The Château de Montaillou is a ruined castle in the French village of Montaillou, in the Ariège département. The village of Montaillou, standing on the slope of Mount Allion, was made famous in Emmanuel Le Roy Ladurie's history, Montaillou, village occitan.

==Description==
At the top of the village is all that remains of the rectangular castle: three walls of a ruined keep and evidence of other walls and earthworks. The castle probably had three storeys. The castle was built by the lords of Alion around the end of the 12th century, occupying a platform roughly 100m long by 30 to 40 m wide. Access was controlled by a dry moat cut into bare rock. The courtyard was surrounded by a curtain wall, the base of which is partially conserved. Further dry moats provided defence to the north and east, while to the south the steep slope of the site was sufficient. The plan of the castle was simple: a wall linked to a tower followed the contours of the hill.

==History==
At the start of the 12th century the fiefdom belonged to the Count of Foix.

In 1226, Bernard d'Alion paid nominal homage to the King of France, but his sympathies still lay with the Cathars. He married Esclarmonde, daughter of Roger IV, Count of Foix in 1236. The witnesses were Cathar parfaits or at least believers.

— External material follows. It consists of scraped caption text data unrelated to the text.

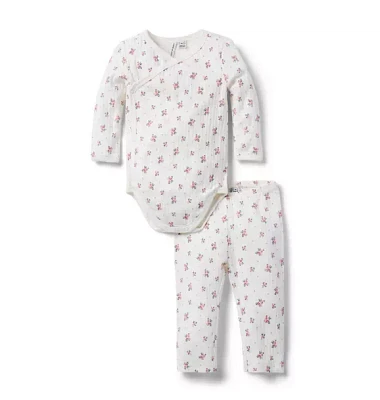 Baby Floral Wrap Matching Set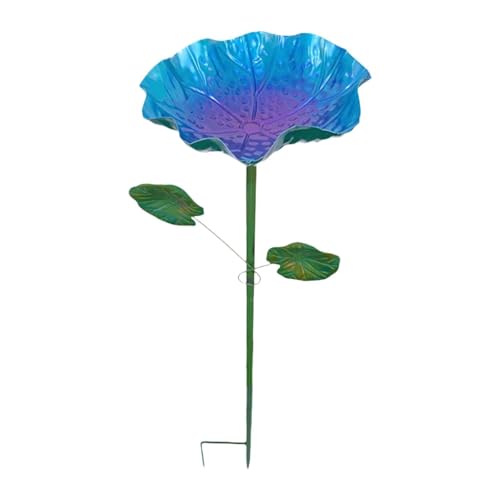 Kuntesetty Vogeltränke Vogelfutterschale Futterspender Und Vogelbad Als Kreative Gartenkunst Eine Dekorative Futtersäule Aus Metall für Rasenflächen Und Beete, Blau von Kuntesetty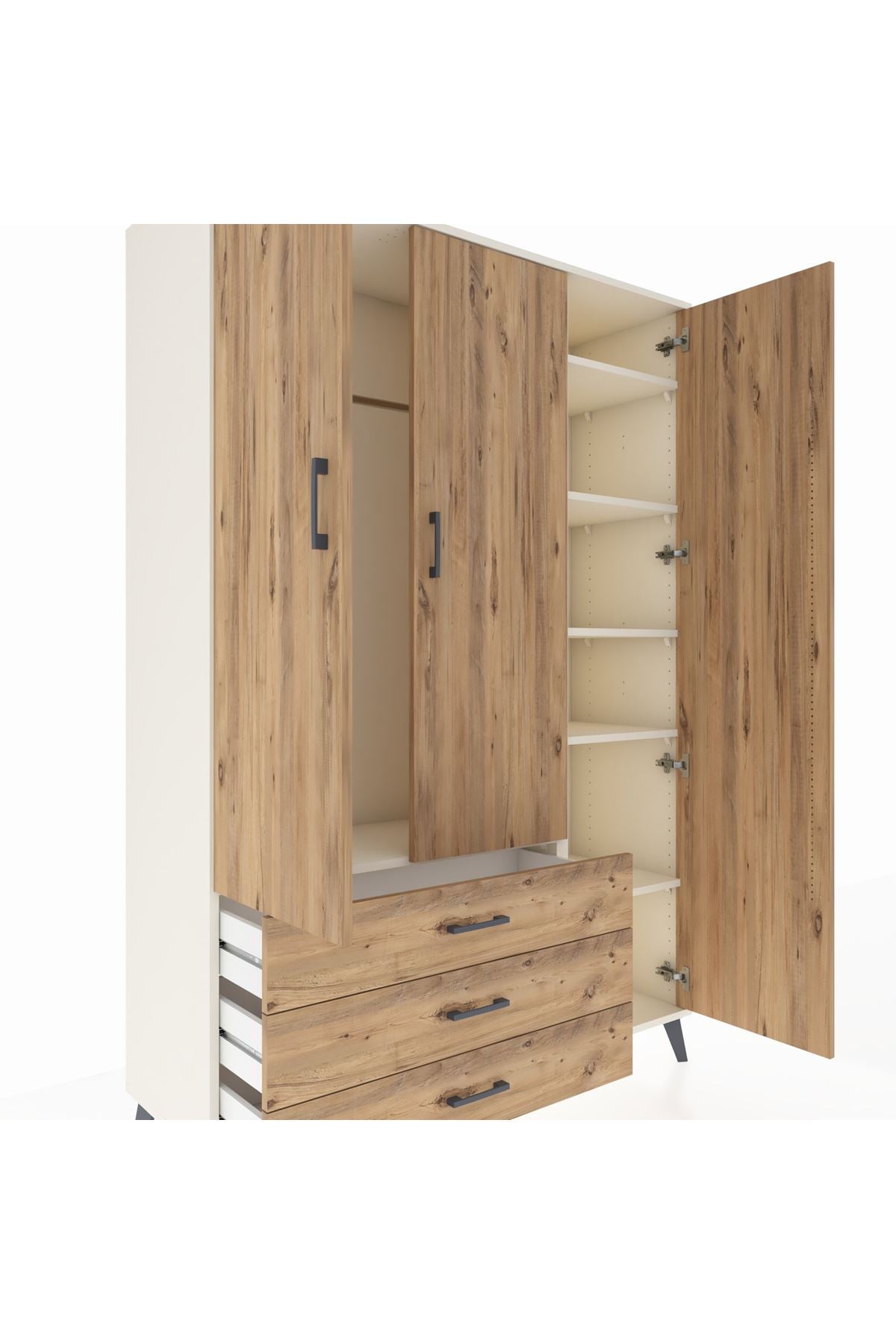 Hyperion Dolap 6 Raflı 3 Çekmeceli Tek Askılı 132x44x195 Aytaşı-Çam/Çam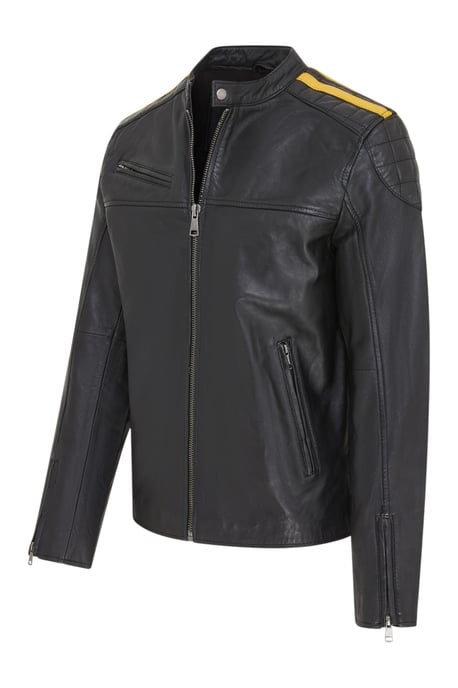 Klassische schwarze gesteppte Bikerjacke aus Leder für Herren mit gelben Streifen – Velocity - Image 4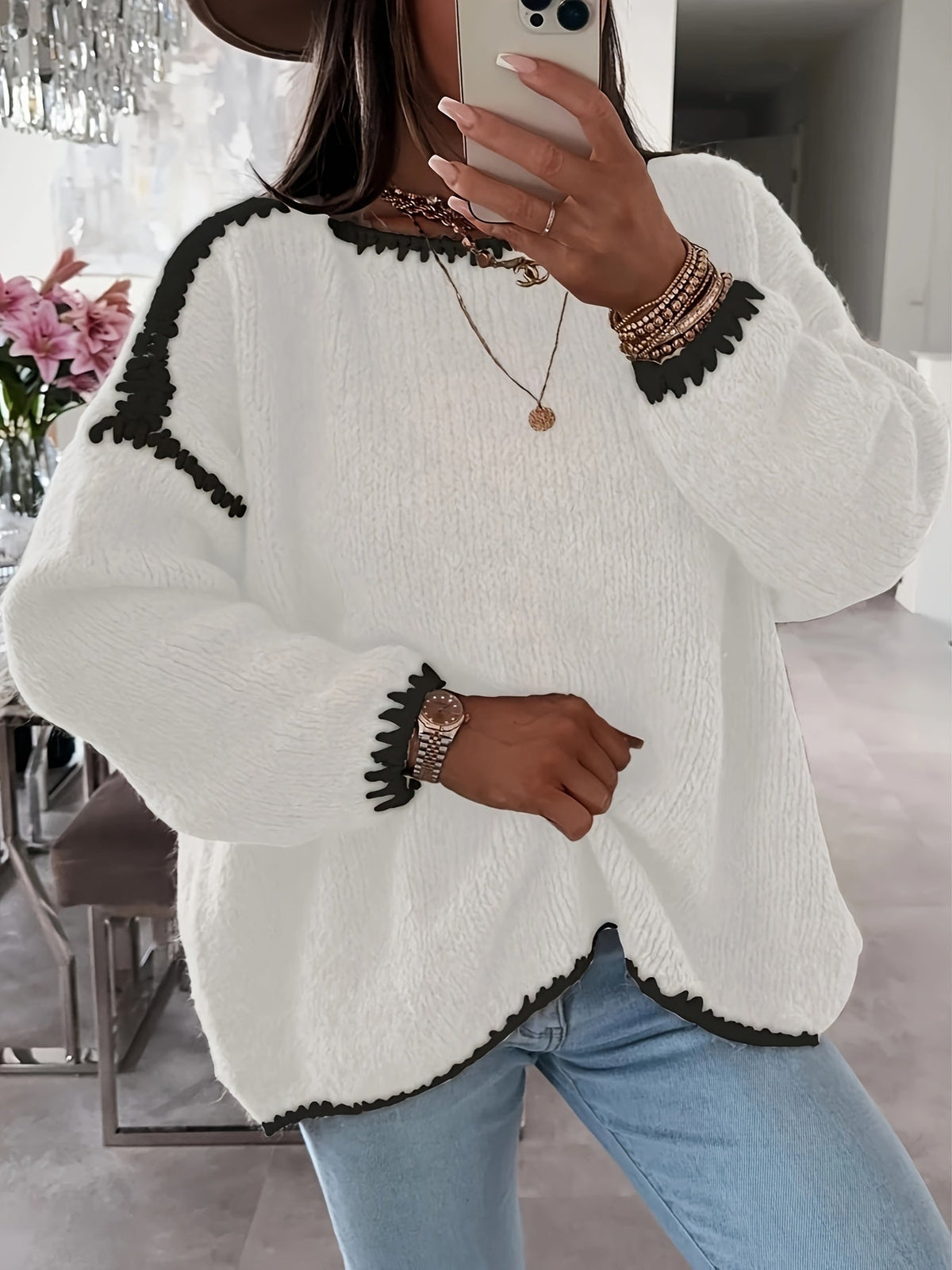 Women's Oversized Boat Neck Sweater in White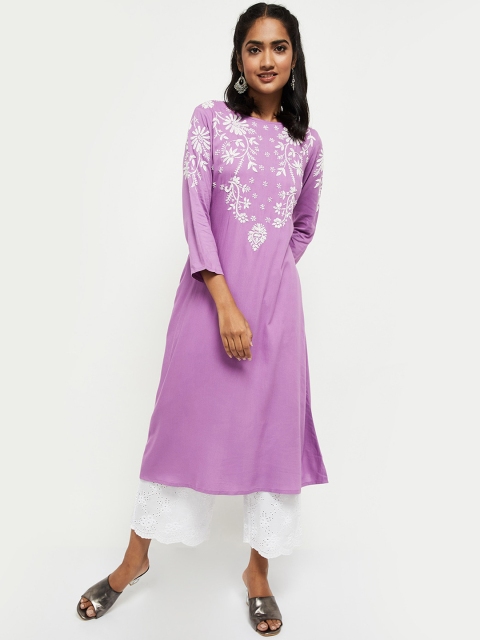 

max Woman Purple Embroidered Kurta
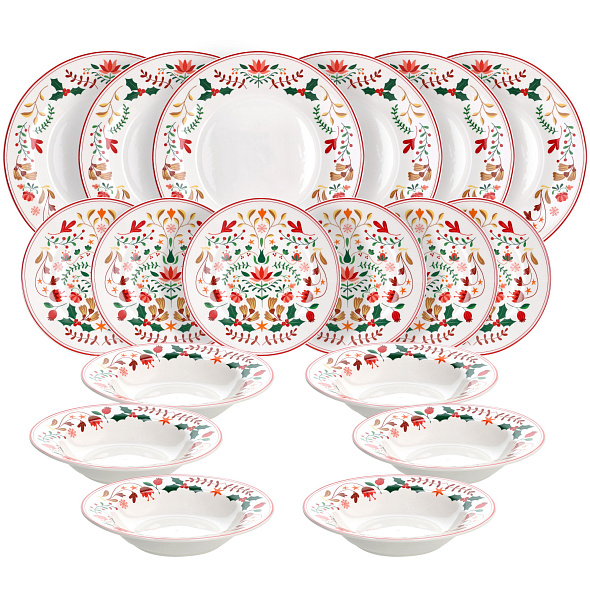 Набор посуды на 6 персон Winter Folk, 18 предметов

In 1244, after the Siege of Montségur, the castle was partly razed but must have been rebuilt because it is recorded in a document of 1272 in a list of the Count of Foix's fortresses.

In 1258, Bernard was condemned by the inquisition as a Cathar heretic and burned at the stake in Perpignan. The castle was taken by his father-in-law and became a frontier fortress, between the County of Foix, the French King's lands and Aragon.

At the end of the 13th century, the Count doubled the thickness of the walls. The castle survived the Albigensian Crusade but fell into disrepair later.

In 1638, the castle was demolished by order of Louis XIII

The castle is the property of the commun. It was added to the list of monuments historiques in 1984.